The only exception to this in 2009 is that California, regardless of where the Bears come up on the S-curve, can't be placed in the Berkeley Regional because they have played more than three games at Haas Pavilion this season. That's a situation unique to this season, however. Otherwise, the geography-first principle stays in place.
Technology = tremendous
We were provided with laptops that contained all the information any committee member could want on a particular team with a few keystrokes. Team data could be placed side by side for easier comparisons. Schedules, RPIs, conference record, nonconference schedule strength -- everything that goes into what is commonly known as the Nitty Gritty Report was all there. To have all that information so close and in one spot was the envy of this Bracketologist. Yet the most impressive piece of fingertip-available information was the part of the computer program that allows the committee to see exactly how far an institution is from a regional site merely by placing the mouse over that school during the bracketing stage. It's like Google Maps for dummies. It's a great tool.
Conference affiliation isn't considered
As a collective women's college basketball nation -- media, fans and coaches -- we have tended to get caught up counting how many teams a particular conference gets into the tournament. Why? It's fun. Using tournament bids as a way to debate the merits of a league in a given year makes for interesting conversation. The reality, though, is that when picking teams for the tournament, this is not a consideration.
However, it would be a lie to say league affiliations weren't discussed in many of our preliminary discussions. Although the statement, "The Big 12 is a better league than the Pac-10, so Texas Tech's accomplishments are more significant than UCLA's" wasn't made, similar things were said on many occasions. Each time, the committee was reminded (and suitably humbled) that such connections are not and should not be made. We were falling into that same misconception and were caught every time.
Then an amazing thing happened when we got down to the brass tacks of selecting our 64-team field. No team's conference ties ever came up. No tally was kept of how many Big East or ACC teams made our fantasy tournament. Once the voting began, a team was a team and that was it. Any conversations that took place were devoid of conference chatter. And the best part was that we didn't even notice. We filled a portion of our field (time constraints didn't allow us to finish the entire field using the voting process) without sliding into the mistakes of the earlier talks. It wasn't until near our adjournment time of about 10 o'clock Thursday evening that this was pointed out to us. We began to act like a real selection committee by accident. Admittedly, it felt pretty good.

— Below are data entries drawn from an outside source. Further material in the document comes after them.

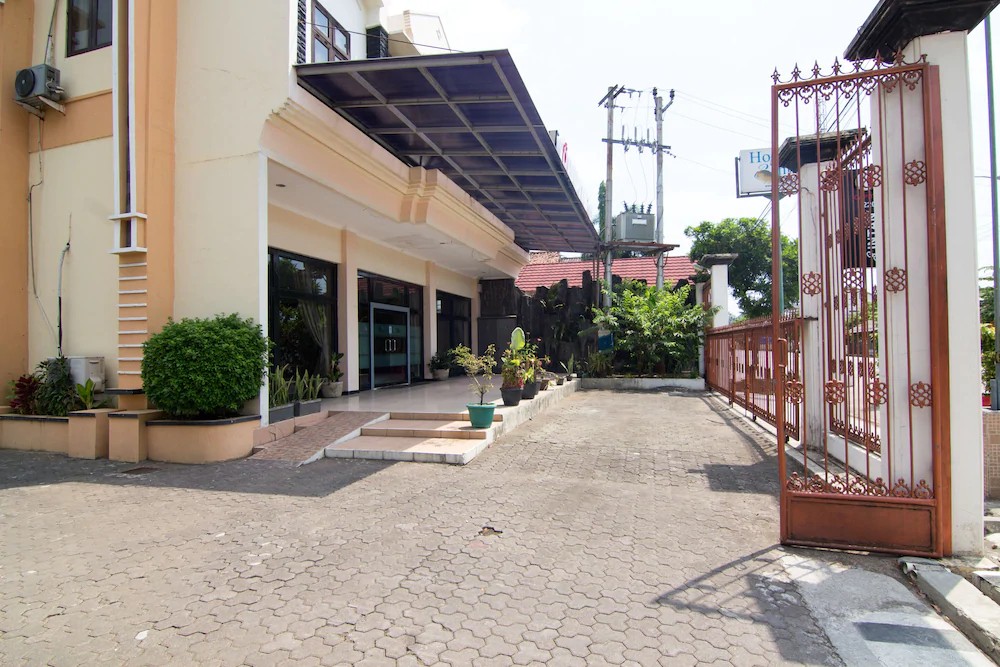 Hotel 3 Intan by OYO Rooms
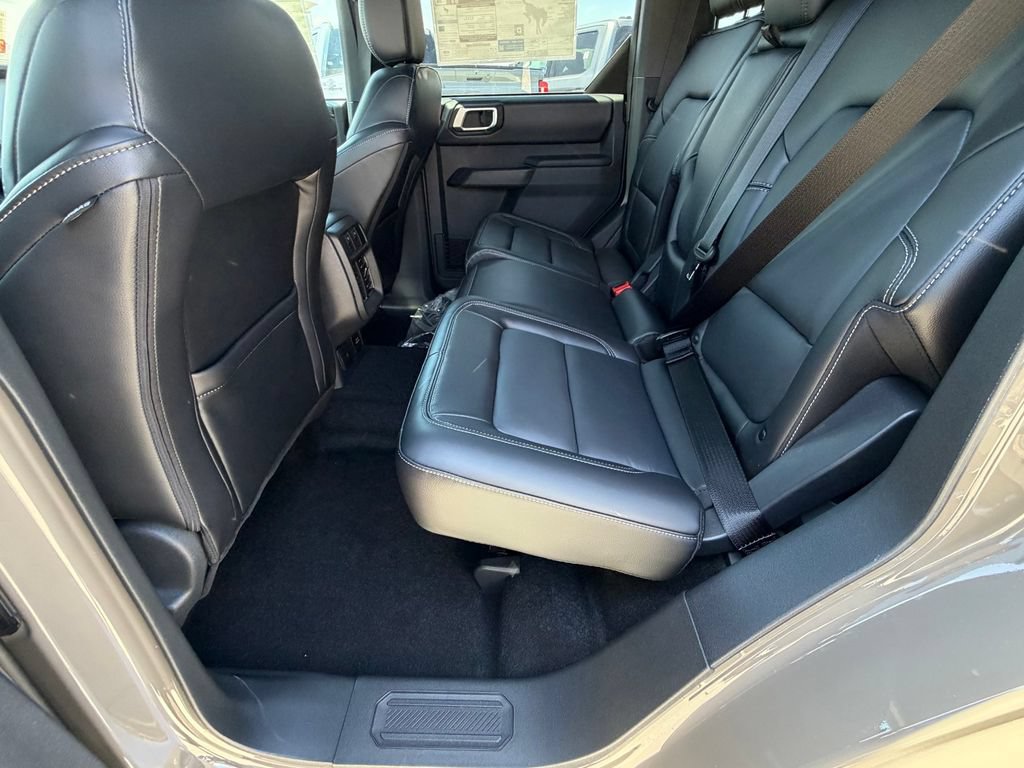 New 2026 Ford Bronco Outer Banks AWD/4WD image 16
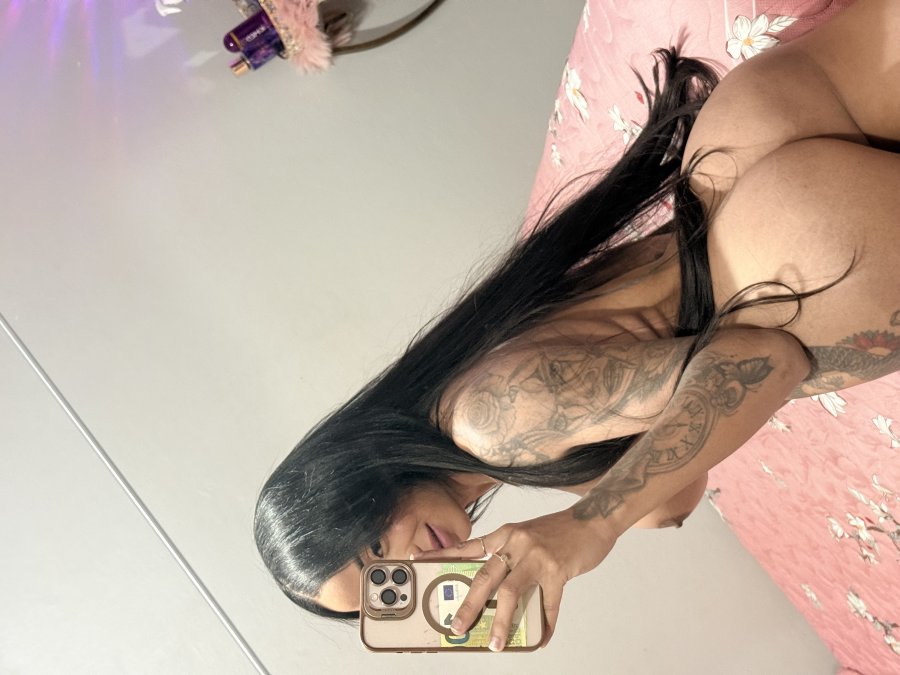 Nicolly Veiga 16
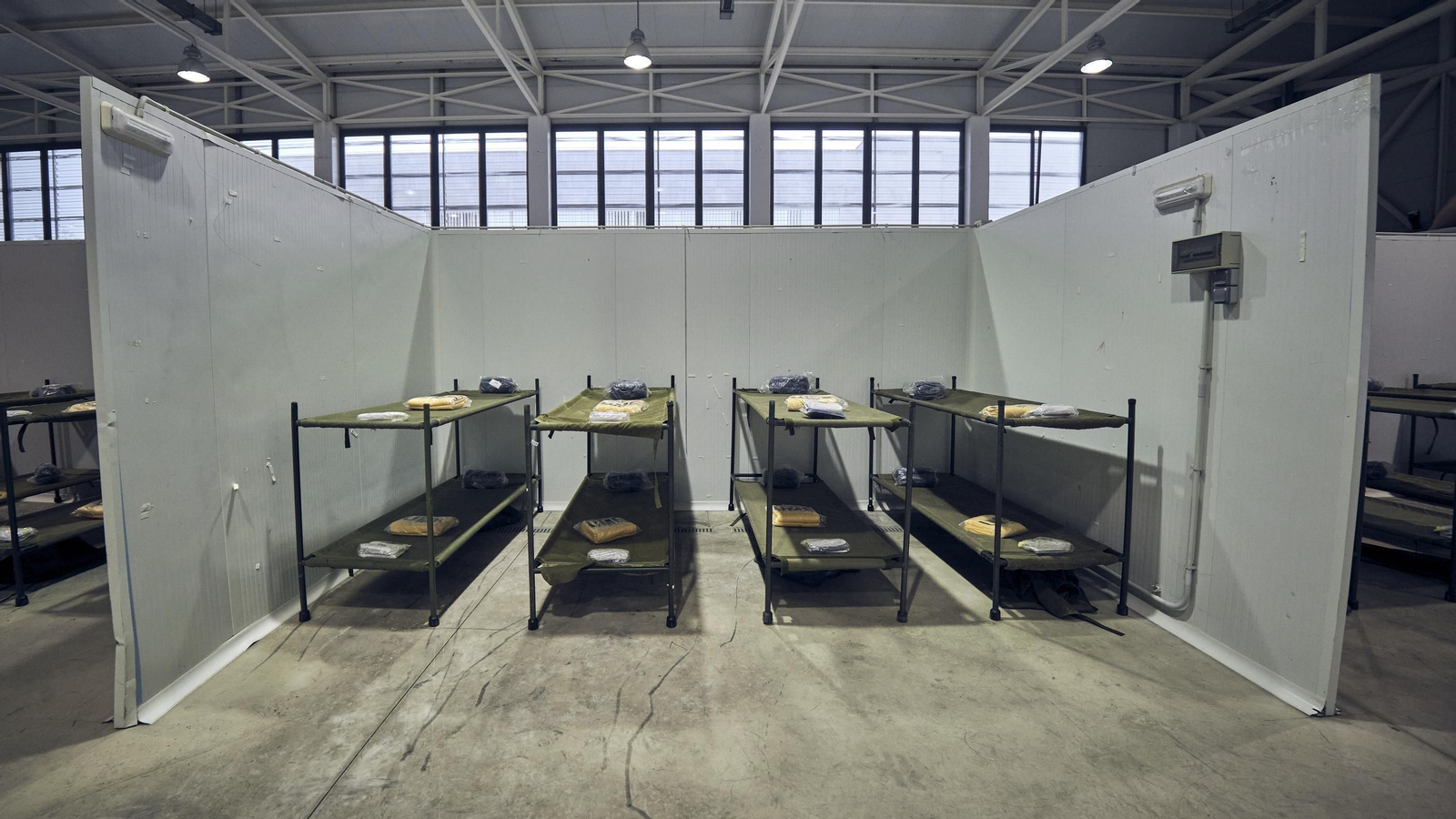 Montaje de albergue en Chipiona para damnificados por parte de la UME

In fact, the entire process felt good. It's fun, but exhausting, and we didn't do half the work the real committee does. The work involved really is extensive, and just by sitting in those seats for two days, it becomes easy to realize how much these 10 people put into this task that is so widely analyzed and scrutinized. Going in, I knew this was an extremely difficult process. What I learned coming out is what a great responsibility it truly is.